Studio album by Monika Borzym
- Released: 15 October 2013
- Genre: Jazz
- Label: Sony Music Entertainment Poland
- Producer: Matt Pierson

Monika Borzym chronology
| Girl Talk (2011) | My Place (2013) |  |

Singles from My Place
- "Off to Sea" Released: 27 September 2013;

= My Place (album) =

My Place is the second studio album by Polish jazz singer Monika Borzym. It was released on 15 October 2013 through Sony Music Entertainment Poland. The album is promoted by the single "Off to Sea". It was certified Gold in Poland two weeks after its premiere.

==Recording and production==
My Place was produced by Matt Pierson, with whom Borzym has previously worked on her debut album, Girl Talk (2011). Borzym wrote most of the tracks with a friend, pianist Mariusz Obijalski. The album also features three covers: a jazz version of Rihanna's hit single "Only Girl (in the World)", "The Quiet Crowd" by Patrick Watson, and Kenny Rankin's "In the Name of Love".
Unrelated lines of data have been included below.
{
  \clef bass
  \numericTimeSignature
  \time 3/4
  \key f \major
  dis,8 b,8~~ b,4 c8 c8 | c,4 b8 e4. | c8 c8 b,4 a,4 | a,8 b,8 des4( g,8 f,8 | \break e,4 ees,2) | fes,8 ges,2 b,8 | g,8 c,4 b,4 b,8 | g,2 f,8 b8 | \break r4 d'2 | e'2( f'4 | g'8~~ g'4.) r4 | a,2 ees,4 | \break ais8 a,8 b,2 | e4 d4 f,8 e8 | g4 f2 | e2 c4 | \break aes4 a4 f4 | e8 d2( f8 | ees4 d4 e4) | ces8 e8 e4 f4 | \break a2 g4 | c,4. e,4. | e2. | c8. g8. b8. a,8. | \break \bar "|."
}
Borzym was joined in the studio by guitarist Larry Campbell (collaborator of Bob Dylan and Paul Simon), drummer Kenny Wollesen (John Zorn, Norah Jones), and bassist Tony Scherr (Norah Jones, Bill Frisell). The album also features guest appearances by guitarists John Scofield (Miles Davis, Charles Mingus, Herbie Hancock, Pat Metheny), Romero Lubambo and Steve Cardenas, saxophonist Chris Potter and trumpeter Randy Brecker.

==Track listing==

| No. | Title | Writer(s) | Length |
|---|---|---|---|
| 1. | "Falling" |  | 4:48 |
| 2. | "Tidal Wave" |  | 4:55 |
| 3. | "Only Girl (in the World)" | Crystal Johnson, Mikkel S. Eriksen, Tor Erik Hermansen, Sandy Wilhelm | 5:41 |
| 4. | "My Place" |  | 3:57 |
| 5. | "Finding Her Way" |  | 4:06 |
| 6. | "Pisces" |  | 3:42 |
| 7. | "Unrequited" |  | 4:52 |
| 8. | "Off to Sea" |  | 3:54 |
| 9. | "The Quiet Crowd" | Patrick Watson | 4:28 |
| 10. | "In the Name of Love" | Kenny Rankin | 4:01 |
| 11. | "Prelude" |  | 1:49 |
| 12. | "Świat w proszku" |  | 4:22 |
| 13. | "Timeless" |  | 3:31 |

==Personnel==
- Musicians
- Monika Borzym – vocals
- Larry Campbell – guitar
- Kenny Wollesen – drums
- Tony Scherr – bass
- John Scofield – guitar
- Romero Lubambo – acoustic guitar
- Steve Cardenas - guitar
- Chris Potter – saxophone
- Randy Brecker – trumpet
- Technical personnel
- Matt Pierson – production

==Charts and certifications==

===Charts===

| Chart (2013) | Peak position |
|---|---|
| Polish Albums (ZPAV) | 18 |

===Certifications===

| Region | Certification | Certified units/sales |
| Poland (ZPAV) | Gold | 5,000^{*} |
^{*} Sales figures based on certification alone.